When you copy the listing, skip the images and return each line verbatim.

::: DATA BELOW

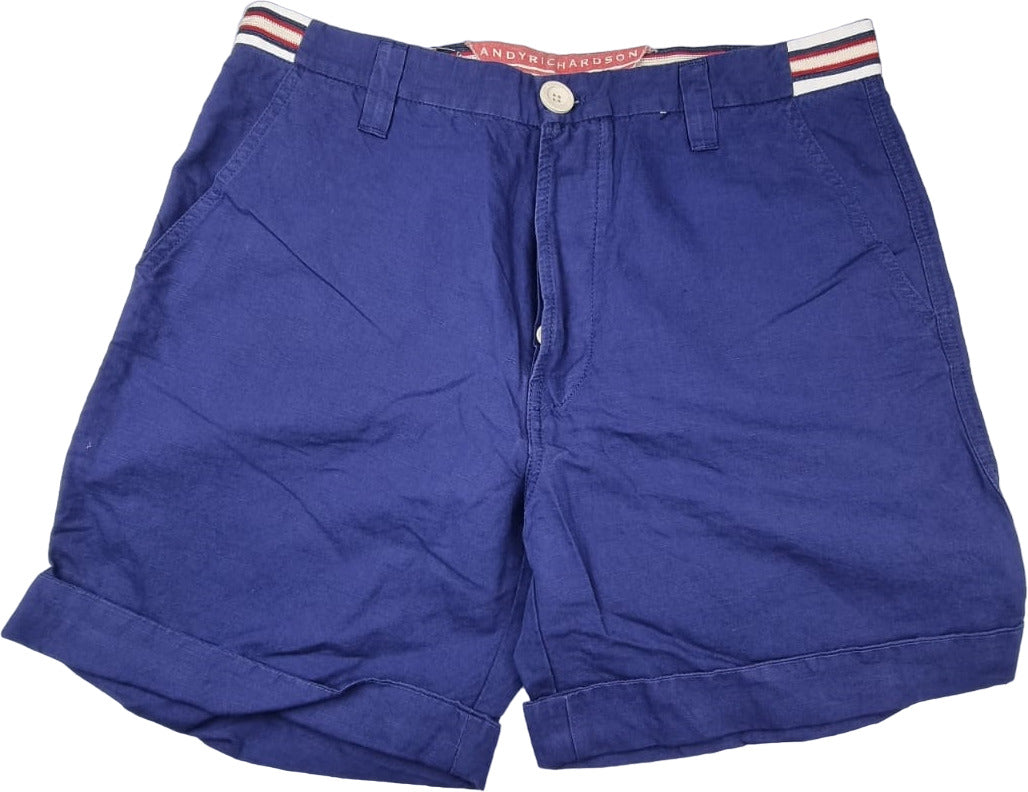 Bermuda uomo Andy Richardson in tessuto lavato blu scuro, pantaloncini da tennis con taglio classico e stile casual.
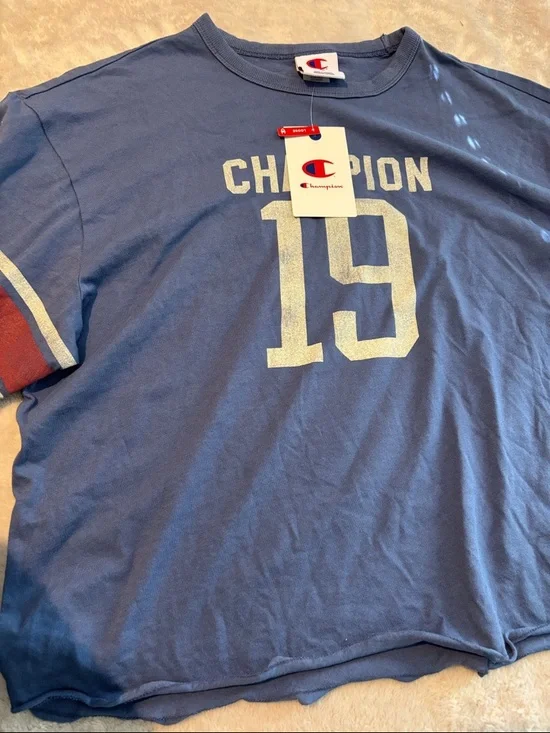 NEW Champion Blue '19' Graphic Short Sleeve Tee with Red & White Stripe Sleeves - Picture 3 of 6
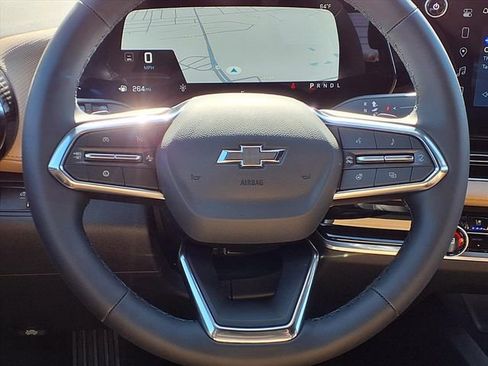 New 2026 Chevrolet Equinox ACTIV w/ Convenience Package III FWD image 31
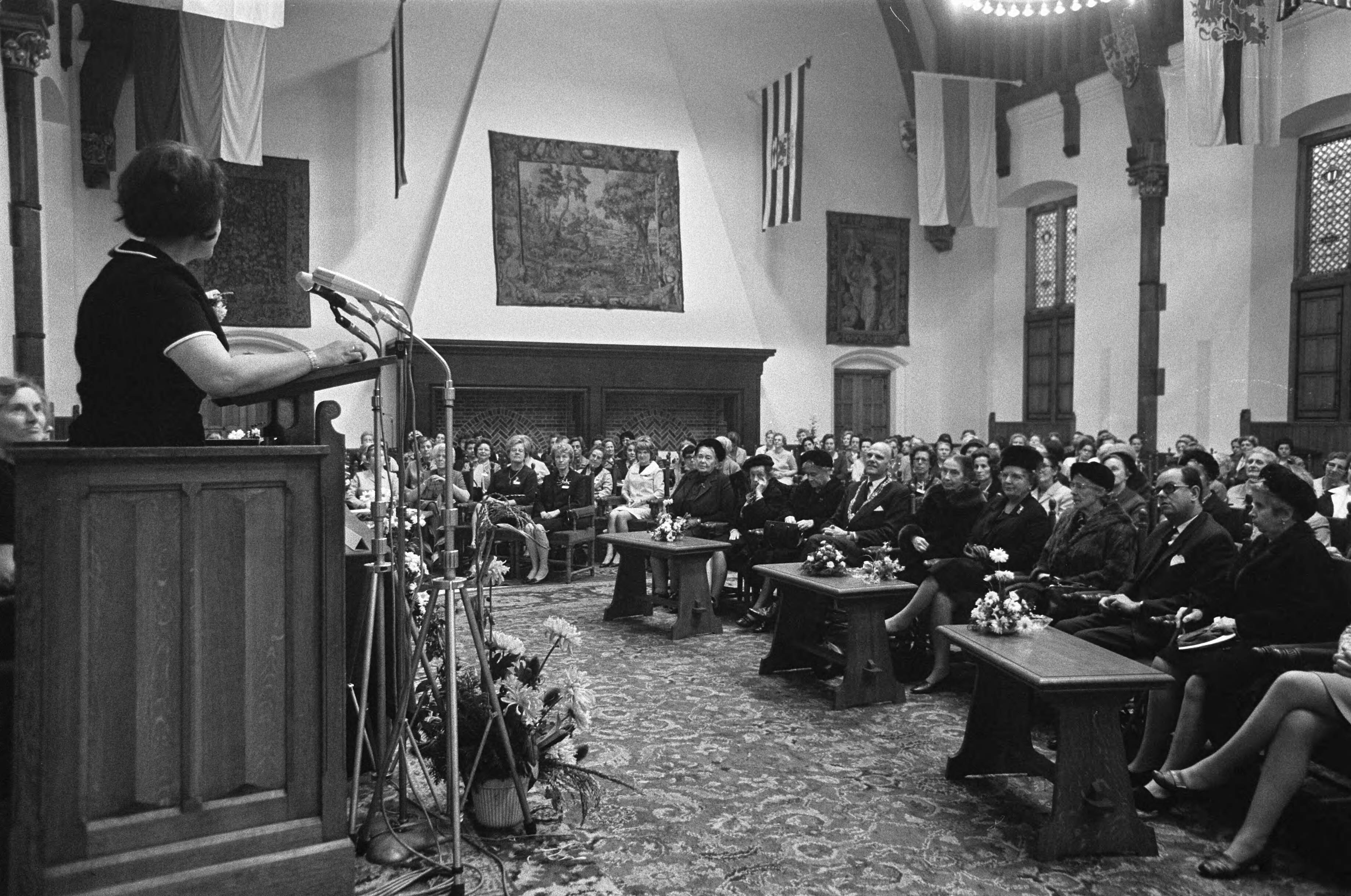 Fotocollectie Anefo — Koningin Juliana aanwezig bij Congres Nederlandse Vrouwen Comite in Ridderzaal Den Haag . Mevrouw Rood de Boer — Foto: Mieremet, Rob / Anefo. Licentie: Set B: Rechtenvrij / Publiek Domein. Bron: Nationaal Archief. http://hdl.handle.net/10648/ab8097f2-d0b4-102d-bcf8-003048976d84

::::::

*WORKED SOLUTION:*
 Bermuda uomo Andy Richardson in tessuto lavato blu scuro, pantaloncini da tennis con taglio classico e stile casual.
 NEW Champion Blue '19' Graphic Short Sleeve Tee with Red & White Stripe Sleeves - Picture 3 of 6
 New 2026 Chevrolet Equinox ACTIV w/ Convenience Package III FWD image 31
 Fotocollectie Anefo — Koningin Juliana aanwezig bij Congres Nederlandse Vrouwen Comite in Ridderzaal Den Haag . Mevrouw Rood de Boer — Foto: Mieremet, Rob / Anefo. Licentie: Set B: Rechtenvrij / Publiek Domein. Bron: Nationaal Archief. http://hdl.handle.net/10648/ab8097f2-d0b4-102d-bcf8-003048976d84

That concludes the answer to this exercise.